Statefulness Support for TOSA

sjarus · October 13, 2021, 8:15am

Expressing Stateful Ops and Mutability in TOSA

This document describes a collection of utility operations to express statefulness around the TOSA specification. The goals of the operators are to express statefulness, scoping and mutability, while aligning with existing frontend and backend infrastructure supporting statefulness.

These operators are not TOSA spec impacting. They are designed primarily to work within the capabilities and constraints of the TOSA MLIR implementation or a similar SSA IR, and are intended to be solely compiler-visible utility operations.

Memory Model

A tensor is an abstract and immutable value comprising metadata describing its shape and element datatype, and the data.

The course of execution of the neural network consumes tensors, generating new tensors as the output of individual operations.

A symbolic reference (or symref) of a tensor is a reference to the object holding a tensor. It interacts with tensor values through read/write semantics. The read operation returns the latest tensor value that was most recently written by a write.
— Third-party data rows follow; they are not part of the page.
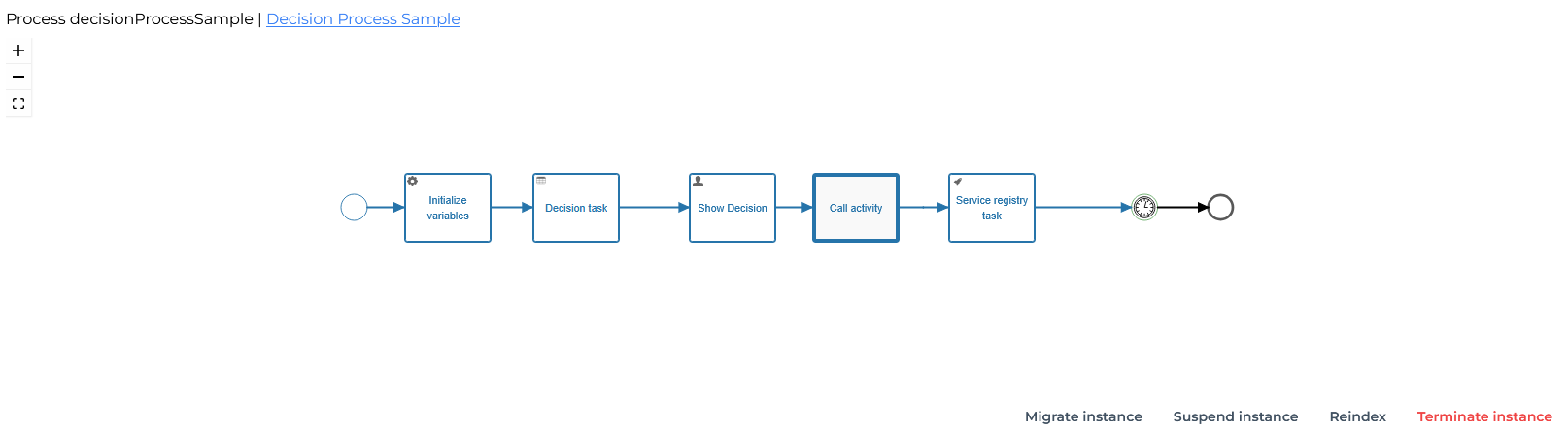 instance details screen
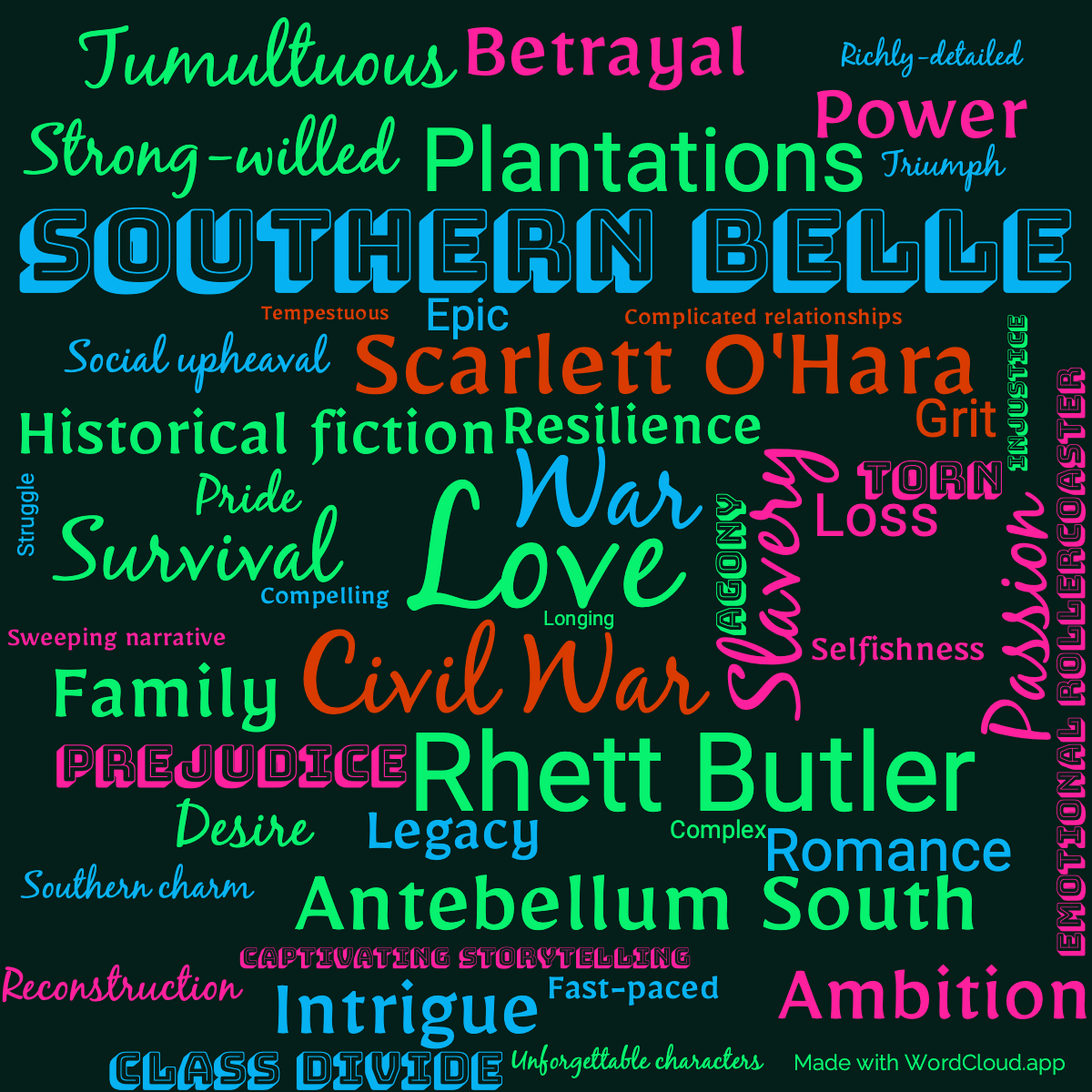 Word Cloud: Gone With The Wind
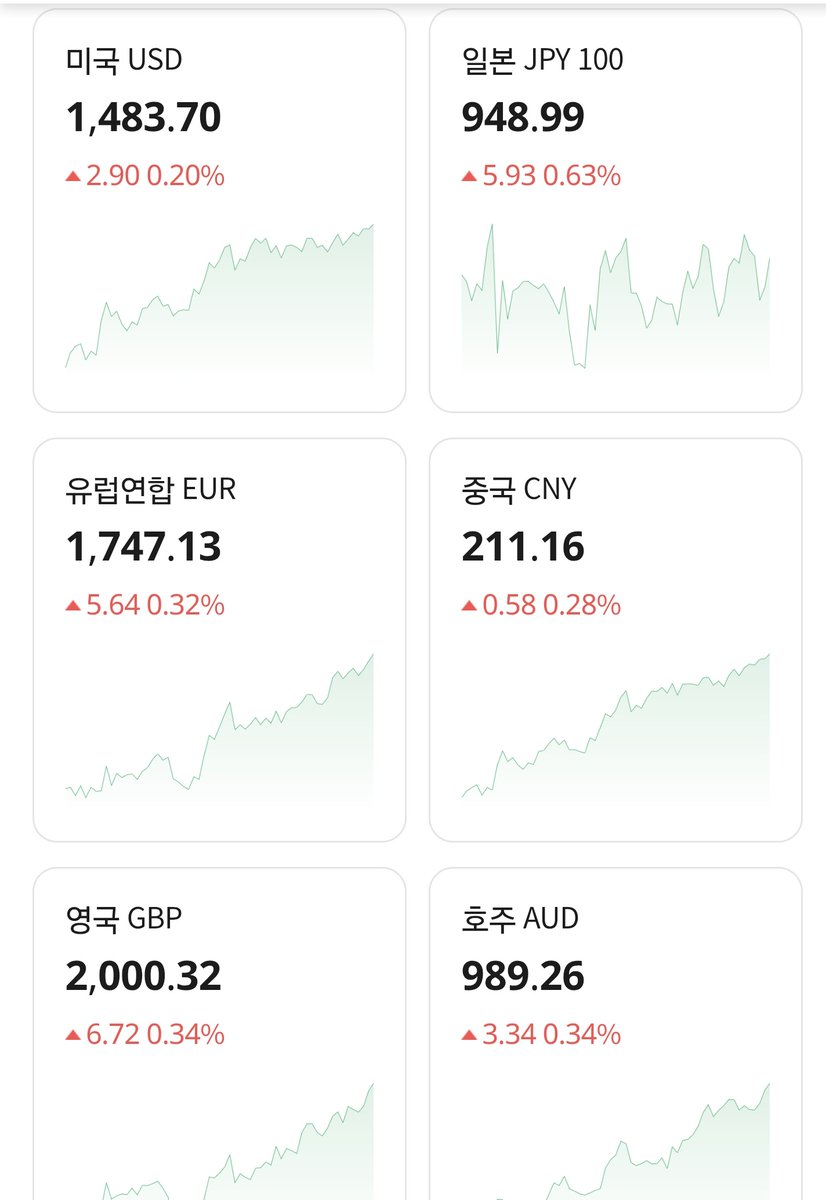 환율 파운드 2000원 달성!
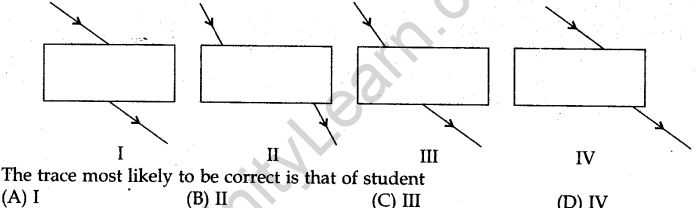 cbse-previous-year-question-papers-class-10-science-sa2-outside-delhi-2012-19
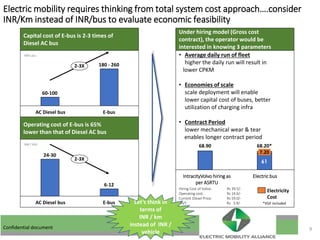 Mobility and City Streets: Deployment of Electric Buses in India | PDF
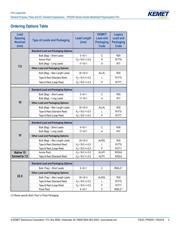 PHE450XB4100JB04R17 datasheet.datasheet_page 2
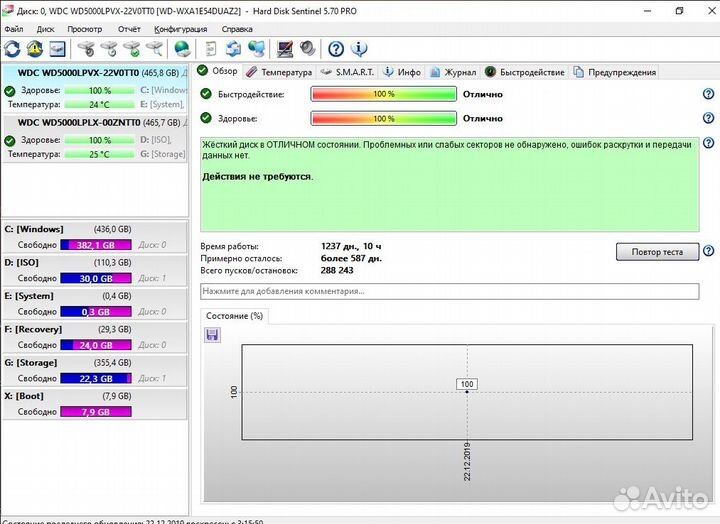 Жесткий диск WD 500 гб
Each tensor is allocated discretely in non-aliasing memory and thus a tensor can have only a single symref to it .

The proposal assumes that two sets of memory regions are implemented for read/write content:

A procedure-scoped stack-like memory
A process-scoped heap-like memory

Operators

tosa.variable

This operator defines a symbolic reference to a tensor allocated in a compiler-allocated persistent heap-like memory, or an analoous solution. The operator definition defines the name, shape and datatype.

The syntax of this operator is:

tosa.variable @sym_ref_name : <tensortype>

For example:

tosa.variable @myvar : tensor<1xf32>

Purpose:

Compile time definition of liveness within the current subgraph scope
Defines size for allocation in persistent memory at compile time.

Notes:

Scope is implicit from location of definition - within enclosing subgraph.
Does not emit any functional code, just allocates memory and defines addressing and linkage for subsequent references.
The allocation region is expected to be initialized to 0.
tensortype defines the tensor metadata - shape and element dtype. The shape is not required to be static; it may be inferred as part of a dynamic shape resolution infrastructure, e.g. Extending TOSA to Support Symbolic Shapes - #14 by sjarus .

tosa.variable.read

This operator defines that a read will be performed from the location defines by the symbolic reference.
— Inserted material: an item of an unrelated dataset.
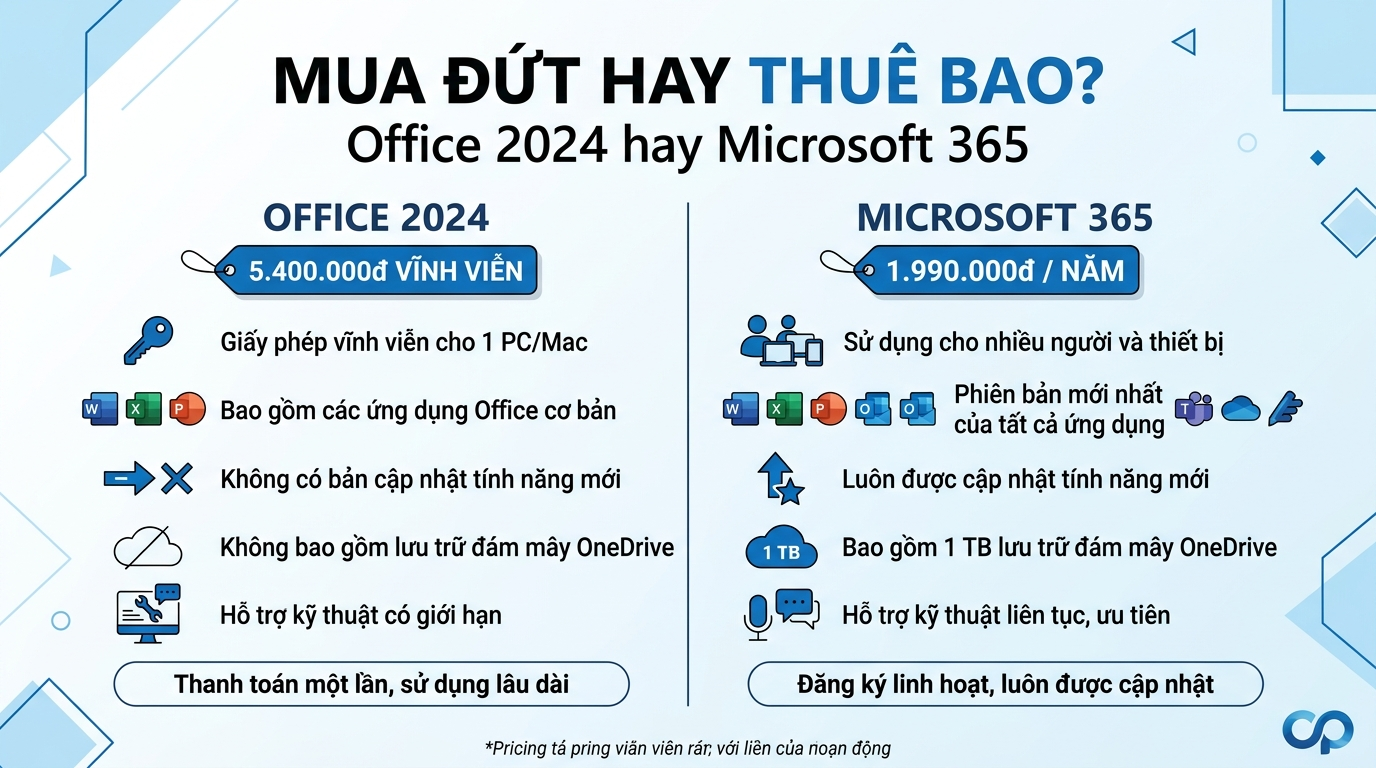 Office Home & Business 2024 hay Microsoft 365: mua đứt hợp với ai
The operator does not perform the actual read operation. It simply defines that the SSA value-carrying literal will access this tensor from its location in persistent memory.

In comparison, regular SSA value-carrying literal are allocated in (stack-like) procedure scoped memory.

The syntax for this operator is:

%ssa_id = tosa.variable.read @sym_ref_name : <tensortype>

For example:

%1 = tosa.variable.read @ctr : tensor<13x21x3xi32>

Purpose:

Defines that the SSA literal accesses persistent state, from the location whose addressing and linkage is previously defined by the tosa.variable op.
The tensor type information enables type and bounds validation.

Notes:

Semantics of the read are dictated by the compiler. For example, it may perform the read by copying the latest value of the tensor object from memory, or it may present something similar to an rvalue-reference.

tosa.variable.write

This operator defines that a write will be performed to the location defines by the symbolic reference.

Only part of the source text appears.